1- Devlet yönetmek biraz sanat, ama daha çok bilim, objektif şartları var. Maksat, otoriteyi kurmak ve korumak olunca, çok da fazla seçeneğin yok, belli bir yola giriyorsun. Hayalperest devrim fikirleriyle de başlasan, sonunda I. Charles’tan çok da farkın olmayan bir yere geliyorsun. Bkz: Napolyon. Bkz: Atatürk ve Abdülhamid.
2- Devrim, otoritenin çöktüğü yer. Alışılmış otorite çökünce, yenisini inşa etmek kolay iş değil. Her kafadan bir ses çıkar, sesini duyuramazsın. Duyurman -ve çoğu zaman kelleni koruman- için elinde sağlam, sadık ve silahlı bir güç olması lazım. Lenin’inki, Bolşevik Parti idi. Cromwell’inki, New Model Army.
Kariyerinin dönüm noktası, 1648’de Putney’deki Ordu Konseyi. Çığırından çıkma eğilimi gösteren bir ortamda, ordunun en radikal taleplerine destek vermiş. Sonra adım adım aşırı unsurları temizlemiş, orduyu kendi iktidarının sakin ve muhafazakar bir aracına dönüştürmüş. (Ama sonuna dek, orduya gebe kalmış. 1657’de taç ve hanedan projesinden, ordudaki yoldaşlarının itirazı nedeniyle vazgeçmek zorunda kalmış.)
3- Siyasette din, tarihin her çağında sahtekarlık unsuru. Üstelik, gözü olan herkes bunu görmüş. Fransa elçisi raporunda “hypocrite” deyip, geçmiş. (Ki, raporun muhatabı başvekil Mazarin de sonuçta kardinaldir.) Halk şairleri, Püritenlerin din bezirganlığıyla dalga geçmiş. Buna rağmen, halk nezdinde dini şarlatanlığın çağlar boyunca etkisini yitirmemesi, şaşırtıcı.
Belki de oyunu riskli oynayan Lider’in, etrafındaki akil adamları baypas edip, halka gitmesinin yoludur. Gözlerini belertip, “Allah (cc) öyle emretti.” dedin mi, nazırlarına elbette susmak düşer. Ahali de bunu bilir, hisseder, Allah’ın emrettiğine inandığından değil; nazırların ezilmesi hoşuna gittiğinden, sana inanmış görünür.

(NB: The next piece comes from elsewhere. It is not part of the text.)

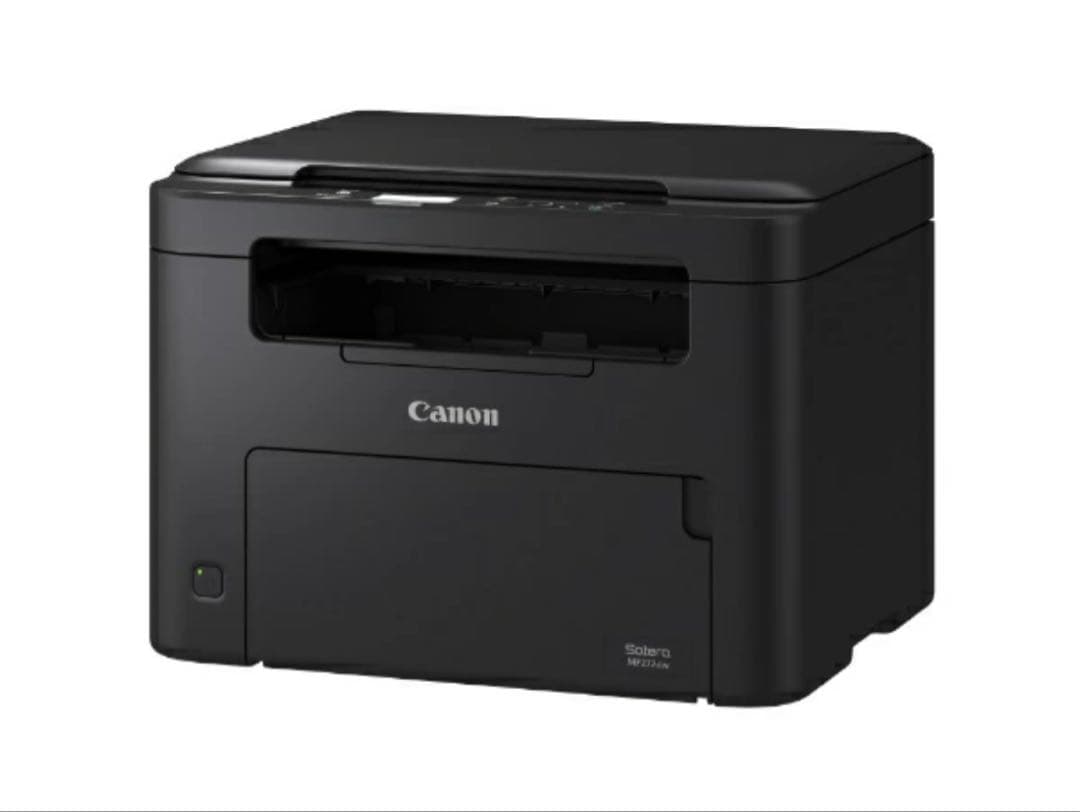 【動作確認のみ】Canon（キヤノン） Ａ４モノクロレーザー複合機MF272dw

4- Büyük adamların kariyerinde belirleyici unsur: Şans. Büyük işler yapmak için, büyük riskler almak lazım. Objektif olarak bakarsan, bunların çoğu yanlış politikadır; yani kaybetme ihtimali, kazanma ihtimalinden büyüktür. O yüzden Lider’in çevresindeki akil adamlar her zaman “Abi etme, yapma, vazgeç” diye didinirler. Mantık ve ihtimal hesabı açısından onlar haklıdır. Ama tarih, kumar oynayıp kaybedenleri yazmaz ki! Marston Moor’da veya Naseby’de zar öbür türlü gelseydi, bugün Cromwell adını kaç kişi duymuş olurdu?

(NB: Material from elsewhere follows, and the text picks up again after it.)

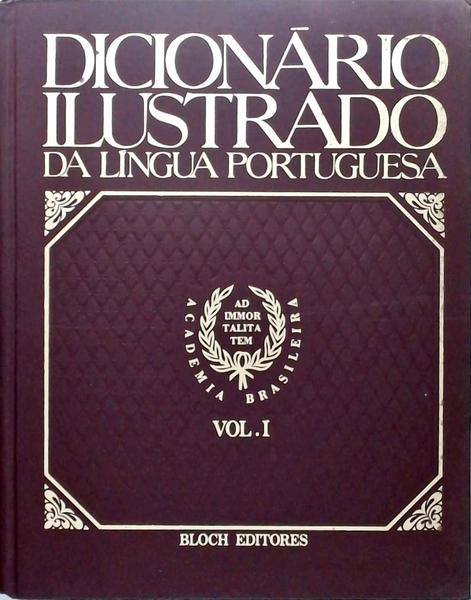 Dicionário Ilustrado Da Língua Portuguesa- 6 Volumes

Bundan iki sonuç çıkaralım.
-Büyük Adam’ın etrafında bir süre sonra akil kimse kalmaz, şakşakçılar ile çanak yalayanlar kalır. Kaçınılmaz bir süreçtir. Tanım icabı, Büyük Adam = aklın sesine kulak asmayan adam.
-Zar aleyhte gelirse, bittin. Ama akil adamların itirazlarına rağmen zarı atıp, tutturursan; “Allah benimle” duygusuna kapılman, kaçınılmaz bir şey. Ondan sonra artık kimse seni durduramaz. Her başarıdan sonra, seni frenlemeye çalışan akil adamları biraz daha hor görmeye başlarsın.

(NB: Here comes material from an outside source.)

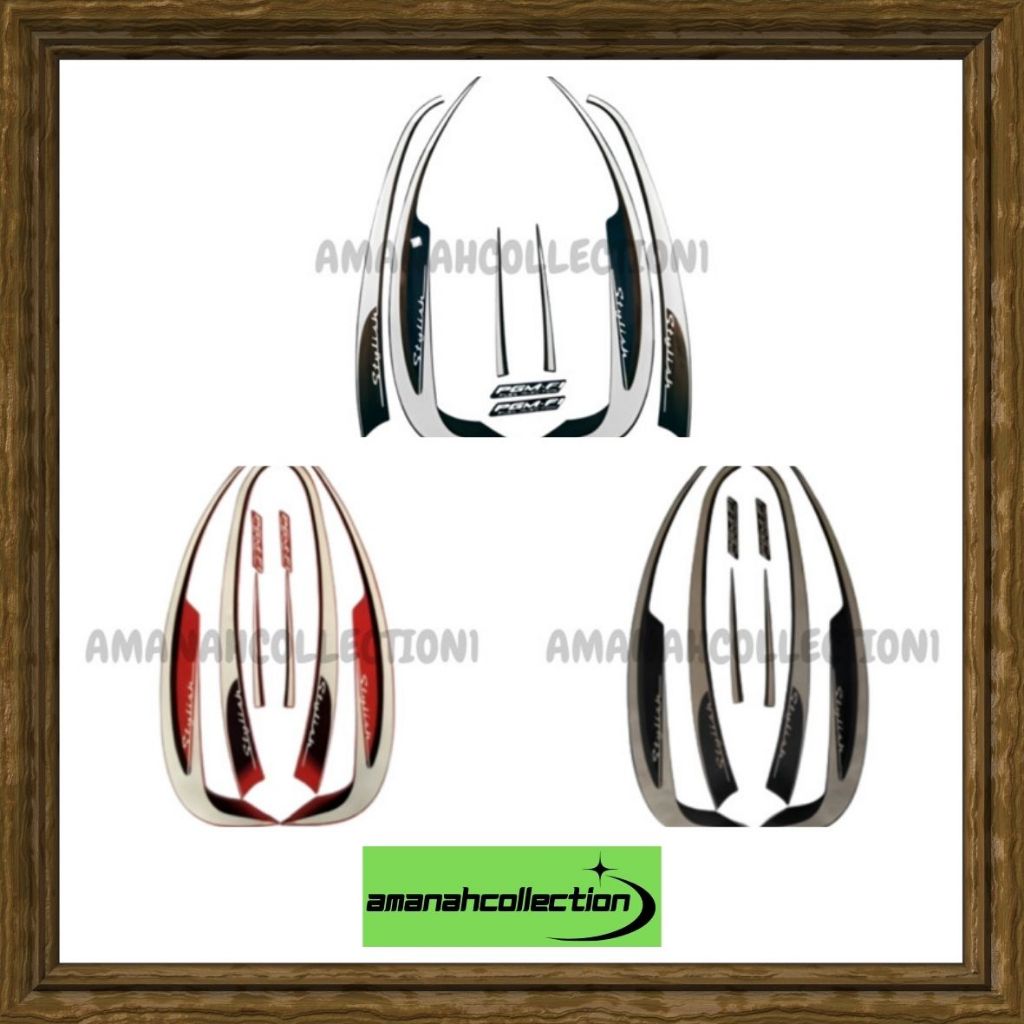 Stiker Striping Motor Scoopy Staylish 2013 Stiker Bodi Honda Scoopy Staylish 2013 MURAH COD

Yani, bir kere Büyük Adamlık kariyerine girdin mi, geri dönmek zor. Her rauntta oyunu büyütmek zorundasın, ta ki ayağın sürçünceye kadar.
Büyük İskender dünyayı fethetmeye çıktığında, etrafındaki aklı başında adamlar, ne öğüt vermişlerdi sizce?